Tras perder a su mujer y a su hijo, Bert, de 91 años, dejó de creer en los milagros. Pero todo cambió cuando un cachorro, abandonado en una caja de cartón, se cruzó en su camino. Dos años después, cuando el mismo perro desapareció, Bert, tratando de encontrarlo, descubrió un milagro mucho mayor de lo que hubiera podido imaginar.

El viento otoñal agitaba las hojas mientras Bert caminaba arrastrando los pies por el conocido sendero de la iglesia, con su viejo bastón golpeando el pavimento. A sus 91 años, cada paso era deliberado, y cada respiración era un recordatorio de la larga vida que había vivido… casi siempre solo.
La niebla matinal cubría la calle con un manto gris perla, cuando un sonido llamó su atención. De una caja de cartón empapada por la lluvia que estaba en la acera salió un gemido apenas audible.
Las rodillas artríticas de Bert protestaron cuando se agachó para examinar la caja. Dentro, un pequeño cachorro blanco y negro temblaba, con los ojos grandes y suplicantes. Pegada a la caja había una nota arrugada: «¡Cuídalo!».

El corazón del anciano, endurecido por décadas de soledad tras perder a su esposa Martha y a su hijo James en aquel terrible accidente de coche, se ablandó al ver a la indefensa criatura.
Bueno», susurró, “parece que Dios obra de maneras inescrutables”.
Bert tomó al cachorro en sus temblorosas manos, lo escondió en su abrigo y regresó a casa. La iglesia podía esperar… Aquella pequeña alma le necesitaba más.
Llamó al cachorro Sebastian. Martha siempre había dicho que así llamarían a su segundo hijo, pero el destino había decretado otra cosa.

Los tiernos ojos del bebé le recordaban la bondad de Martha, y el nombre era perfecto. «Espero que te guste, cariño», dijo Bert, mientras el cachorro movía la colita.
Desde aquel día, Sebastián llenó la tranquila casa de Bert de alegría inesperada y alegres ladridos.
Sebastian se convirtió en un hermoso perro con una característica mancha blanca en forma de estrella en el pecho.
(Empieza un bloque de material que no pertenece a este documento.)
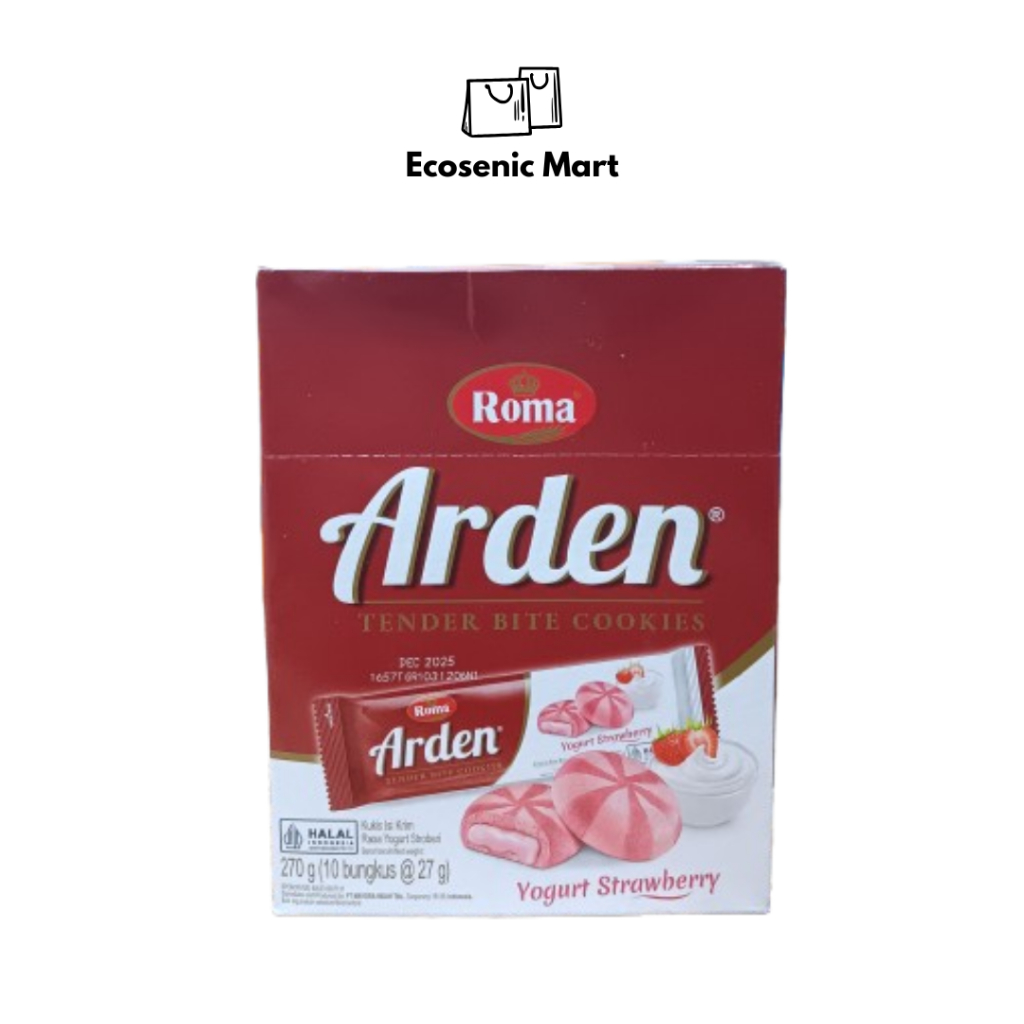 

Roma Arden Strawberry 30gr isi 10pcs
Se acostumbró a llevarle las zapatillas a Bert todas las mañanas y a sentarse a su lado a la hora del té, como si supiera exactamente lo que el anciano necesitaba.
Durante dos años fueron inseparables. Sebastian se convirtió en una excusa para que Bert se despertara, saliera a la calle y volviera a sonreír. El perro esperaba junto a la ventana cuando Bert iba a hacer la compra y movía tanto la cola que todo su cuerpo temblaba cuando el anciano regresaba.

Sus paseos nocturnos se convirtieron en parte integrante de la vida del vecindario, la figura encorvada y su fiel compañero avanzando lenta pero alegremente por las calles crepusculares.
Llegó aquel terrible jueves de octubre.
Durante toda la mañana, Sebastián se había mostrado inquieto, con los oídos aguzados por algo que sólo él podía oír. Los perros callejeros del vecindario estaban especialmente activos aquel día, y sus ladridos provenían del viejo parque del instituto.
Como Bert sabría más tarde, una hembra en celo había atraído a muchos de los perros locales a la zona. Sebastian se acercaba a la ventana de vez en cuando, gimoteando suavemente y moviendo la cola mientras se paseaba cerca de la puerta.

Al principio, Bert no se preocupó demasiado. Sebastian siempre era obediente y nunca se paseaba.